Out of Syria, Into a European Maze
By Jim Yardley and Gaia Pianigiani, NY Times, November 29, 2013
SYRACUSE, Sicily—Fifty miles off the southeastern coast of Sicily, the refugee boat first appeared as a gray spot on the horizon, rising up or dipping away with the churn of the Mediterranean. Then, as an Italian Coast Guard rescue ship drew closer, the small boat came fully into view, as did the dim figure of a man, standing on the bow, waving a white blanket.
Adrift at sea, the boat heaved with about 150 Syrians fleeing war. Mothers in head scarves clutched infants. A child wore a SpongeBob life jacket. Smugglers had left them alone with a satellite phone and an emergency number in Italy: Save us, they pleaded to the Italians before the phone went dead. We are lost.
Capt. Roberto Mangione shouted for everyone to stay calm as he positioned his Coast Guard ship alongside the listing trawler. The Syrians, pale and beleaguered, started clapping. They had been at sea for six days, drinking fetid water, enduring a terrifying storm. One man combed his hair, as if preparing to greet his new life. A woman named Abeer, dazed and exhausted, thought: salvation, at last.
"I had nothing left in Syria," she explained after stepping onto the rescue boat. She had fled with her husband and three teenage children. "We came with nothing but ourselves to Europe."
The Syrian exodus has become one of the gravest global refugee crises of recent decades. More than two million people have fled Syria’s civil war, most resettling in neighboring Jordan, Turkey and Lebanon. But since this summer, refugees have also started pouring into Europe in what became for many weeks a humanitarian crisis in the Mediterranean. Over five months, Italy’s Coast Guard rescued thousands of Syrians, even as hundreds of other migrants, including many Syrians, died in two major shipwrecks in October.
For many, reaching Europe was merely the beginning of another difficult journey. Having risked their lives in hopes of settling in prospering Northern Europe, many Syrians found themselves trapped in the south, living illegally in Italy, hiding from the police, as they tried to sneak past border guards and travel north to apply for asylum.
One Syrian man set himself on fire in Rome in October as a protest. In Milan, the financial capital and a transit hub near Italy’s northern border, Syrians began arriving in August, and kept coming as late as November, as refugees took shelter in the central train station, presenting local officials with a dilemma: help them or arrest them?
"This is a humanitarian emergency," Pierfrancesco Majorino, a Milan council member, said in late October.
From the outset, Europe’s response to the Syrian refugees has pitted the ideals of the Continent against the hard reality of European immigration and asylum laws. After the October shipwrecks, European leaders pledged to increase patrols and rescue operations in the Mediterranean—long a demand of southern countries like Italy, which have complained of bearing Europe’s burden.
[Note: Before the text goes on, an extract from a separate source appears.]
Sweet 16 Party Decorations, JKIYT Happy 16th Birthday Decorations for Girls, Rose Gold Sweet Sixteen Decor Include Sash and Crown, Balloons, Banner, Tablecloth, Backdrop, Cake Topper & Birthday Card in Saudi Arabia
But Europe’s broader policies on migration and asylum remain riddled with contradictions and mixed signals. This year, Germany and Sweden promised generous benefits and asylum for Syrian refugees, which inspired thousands of Syrians to pay extortionate fees to smugglers to make the dangerous journey across the Mediterranean.
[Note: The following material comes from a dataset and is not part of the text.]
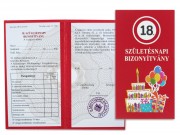 CQ06541 Bizonyítvány 18. Születésnapi 10x18,5cm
Yet upon reaching Italy, the gateway to Europe, the Syrians have been ensnared in red tape: European law requires that the police immediately fingerprint and register them as refugees in Italy—and asylum seekers must make their applications in the country where they are first fingerprinted and registered.
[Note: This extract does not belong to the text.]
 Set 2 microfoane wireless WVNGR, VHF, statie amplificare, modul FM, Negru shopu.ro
Few Syrians want asylum in Italy, where the economy is mired in recession and benefits for migrants are meager. Once fingerprinted, however, even if the Syrians make it north to Sweden or Germany, they can be sent back to Italy, where the asylum process often drags on for months.
"They are not offering us things we left our country for—no jobs, no homes," Abeer said. "They are sympathetic. But I didn’t leave Damascus to live like that. Poverty is as bad as war."
Abeer’s rescue at sea on Oct. 2 came weeks after her family fled Syria.
They had planned to leave Italy quickly for Sweden. Instead, they spent nearly a month bouncing around Italy, desperately raising money for a trip north, trying to elude the police and immigration authorities.
"I thought things were going to be easier," she said later at a park in Milan. "But no. Our dreams have begun to fade."